1. Field of the Invention
The present invention relates to a speech coding method and apparatus that uses a perceptual linear prediction (PLP) and an analysis-by-synthesis method to code/decode speech data.
2. Description of the Related Art
Speech processing systems include communication systems in which speech data is processed and transmitted between different users, etc. Speech processing systems also include equipment such as a digital audio tape recorder in which speech data is processed and stored in the recorder. The speech data is compressed (coded) and decompressed (decoded) using a variety of methods.
Various speech coders have been designed for voice communication in the related art. In particular, a linear prediction analysis-by-synthesis (LPAS) coder based a linear prediction. (LP) method is used in digital communication systems. The analysis-by-synthesis process refers to extracting characteristic coefficients of speech from a speech signal and regenerating the speech from the extracted characteristic coefficients.
Further, the LPAS coder uses a technique based on a code excited linear prediction (CELP) process. For example, the ITU-T (International Telecommunication Union-Telecommunication Standardization Sector) has defined several CELP specifications such as the G.723.1, G.728, G.729, etc. Other organizations have designated various CELP specifications, and thus there are several available specifications.
The CELP uses a codebook including M-numbered (generally, M=1024) code vectors that are different from each other. Then, an index of a codeword corresponding to an optimum code vector having the least recognition error between an original sound and a synthesized sound is transmitted to another entity. The other entity also includes the same codebook, and using the transmitted index, regenerates the original signal. Thus, because the index is transmitted rather than the entire speech segment, the speech data is compressed.
The transmission speed of the CELP speech coder is generally in the range of 4˜8kbps. Thus, it is difficult to quantize or code a time varying coefficient that is under 1 kbps. Further, a quantizing error of the coefficient causes degradation in the regenerated tone quality. Therefore, instead of using a scalar quantizer, a vector quantizer is used to code the coefficient at a low transmission speed. Accordingly, the quantizing error can be minimized thereby allowing for a more fine tone regeneration.
Further, because the entire codebook is searched for the best coefficient, an efficient codebook search algorithm is used for real-time processing. For example, a Vector Sum Excited Linear Prediction (VSELP) speech coder developed by Motorola uses a search algorithm including a schematic codebook formed by a linear combination of several numbers of basic vectors. This algorithm reduces a channel error in comparison with a typical CELP using a random number codebook. The VSELP method also reduces an amount of memory required for storing the codebook.
However, when the LPAS coder uses the related art analysis-by synthesis methods such as the CELP and the VSELP, a person's auditory effect or hearing is not considered when extracting a coefficient of an input speech signal. Rather, the analysis-by-synthesis method only considers the characteristics of speech when extracting a characteristic coefficient. Further, because the auditory effect of a person is only considered when calculating an error of the original signal, the recovered tone quality and a transmission rate is disadvantageously degraded.

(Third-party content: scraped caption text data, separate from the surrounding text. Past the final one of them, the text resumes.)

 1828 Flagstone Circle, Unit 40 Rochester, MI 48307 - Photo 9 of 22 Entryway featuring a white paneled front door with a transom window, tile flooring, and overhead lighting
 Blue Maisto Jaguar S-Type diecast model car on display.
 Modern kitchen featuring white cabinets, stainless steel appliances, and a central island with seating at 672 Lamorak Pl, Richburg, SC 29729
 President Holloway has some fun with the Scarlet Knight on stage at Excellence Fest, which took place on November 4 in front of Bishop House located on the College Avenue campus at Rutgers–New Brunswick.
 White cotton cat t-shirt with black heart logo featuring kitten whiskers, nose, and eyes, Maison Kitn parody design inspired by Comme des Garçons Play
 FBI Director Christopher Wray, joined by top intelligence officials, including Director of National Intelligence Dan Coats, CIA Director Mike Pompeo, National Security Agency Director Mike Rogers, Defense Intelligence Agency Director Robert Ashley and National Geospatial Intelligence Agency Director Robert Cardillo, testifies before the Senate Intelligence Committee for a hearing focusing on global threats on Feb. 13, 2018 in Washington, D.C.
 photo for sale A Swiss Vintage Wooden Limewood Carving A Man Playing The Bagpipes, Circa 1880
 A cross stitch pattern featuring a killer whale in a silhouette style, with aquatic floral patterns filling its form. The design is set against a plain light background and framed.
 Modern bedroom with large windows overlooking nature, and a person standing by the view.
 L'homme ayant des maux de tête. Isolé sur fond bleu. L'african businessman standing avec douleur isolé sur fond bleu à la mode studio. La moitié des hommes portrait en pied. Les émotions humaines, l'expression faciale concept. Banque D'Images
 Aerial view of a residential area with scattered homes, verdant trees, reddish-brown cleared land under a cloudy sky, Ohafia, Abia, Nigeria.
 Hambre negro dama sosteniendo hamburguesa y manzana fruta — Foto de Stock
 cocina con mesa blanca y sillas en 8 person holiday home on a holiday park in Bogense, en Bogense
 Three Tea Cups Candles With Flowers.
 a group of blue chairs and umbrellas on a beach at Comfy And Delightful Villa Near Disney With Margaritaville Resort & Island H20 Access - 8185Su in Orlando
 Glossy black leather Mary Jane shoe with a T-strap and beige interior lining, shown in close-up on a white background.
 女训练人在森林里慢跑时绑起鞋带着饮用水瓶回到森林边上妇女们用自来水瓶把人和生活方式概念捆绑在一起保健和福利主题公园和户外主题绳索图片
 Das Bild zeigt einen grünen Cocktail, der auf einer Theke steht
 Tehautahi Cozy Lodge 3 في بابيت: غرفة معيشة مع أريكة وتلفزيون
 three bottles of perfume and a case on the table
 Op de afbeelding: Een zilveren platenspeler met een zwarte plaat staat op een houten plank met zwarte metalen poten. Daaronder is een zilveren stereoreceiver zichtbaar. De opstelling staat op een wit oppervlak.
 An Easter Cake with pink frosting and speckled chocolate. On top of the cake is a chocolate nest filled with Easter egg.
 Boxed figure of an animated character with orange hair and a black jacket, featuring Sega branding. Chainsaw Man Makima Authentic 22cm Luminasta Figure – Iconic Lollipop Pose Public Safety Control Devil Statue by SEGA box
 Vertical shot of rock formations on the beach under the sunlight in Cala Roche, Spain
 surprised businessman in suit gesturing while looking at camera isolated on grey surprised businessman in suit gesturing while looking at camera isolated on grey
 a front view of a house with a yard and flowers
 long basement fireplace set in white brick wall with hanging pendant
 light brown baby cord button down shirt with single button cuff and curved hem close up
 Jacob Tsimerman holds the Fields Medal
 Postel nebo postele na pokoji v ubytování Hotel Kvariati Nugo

Accordingly, one object of the present invention is to address the above noted and other problems.
Another object of the present invention is to provide a speech coding apparatus and a method that takes into consideration a person's auditory effect by using a perceptual linear prediction and an analysis-by-synthesis method.
To achieve these and other advantages and in accordance with the purpose of the present invention, as embodied and broadly described herein, the present invention provides a novel speech coding apparatus. The apparatus according to one aspect of the present invention includes a speech coding apparatus having a perceptual linear prediction (plp) analysis buffer configured to output a pitch period with respect to an original input speech signal and to analyze the input speech signal using a plp process to output a plp coefficient, an excitation signal generator configured to generate and output an excitation signal, a pitch synthesis filter configured to synthesize the pitch period output from the plp analysis buffer and the excitation signal output from the excitation signal generator, a spectral envelop filter configured to apply the plp coefficient output from the plp analysis buffer to an output of the pitch synthesis filter to output a synthesized speech signal, an adder configured to subtract the synthesized signal output from the spectral envelope filter from the original input speech signal output from the plp analysis buffer and to output a difference signal, a perceptual weighting filter configured to calculate an error by providing a weight value corresponding to a consideration of a person's auditory effect to the difference signal output from the adder, and a minimum error calculator configured to discover an excitation signal having a minimum error corresponding to the error output from the perceptual weighting filter. According to another aspect, the present invention provides a speech coding method including outputting a pitch period with respect to an original input speech signal and analyzing the input speech signal using a perceptual linear prediction (plp) process to output a plp coefficient, generating and outputting an excitation signal, synthesizing the output pitch period and the excitation signal and outputting a first synthesized signal, applying the output plp coefficient to the first synthesized signal to output a second synthesized signal, subtracting the second synthesized signal from the original input speech signal and outputting a difference signal, calculating an error by providing a weight value corresponding to a consideration of a person's auditory effect to the output difference signal, and discovering an excitation signal having a minimum error corresponding to the calculated error.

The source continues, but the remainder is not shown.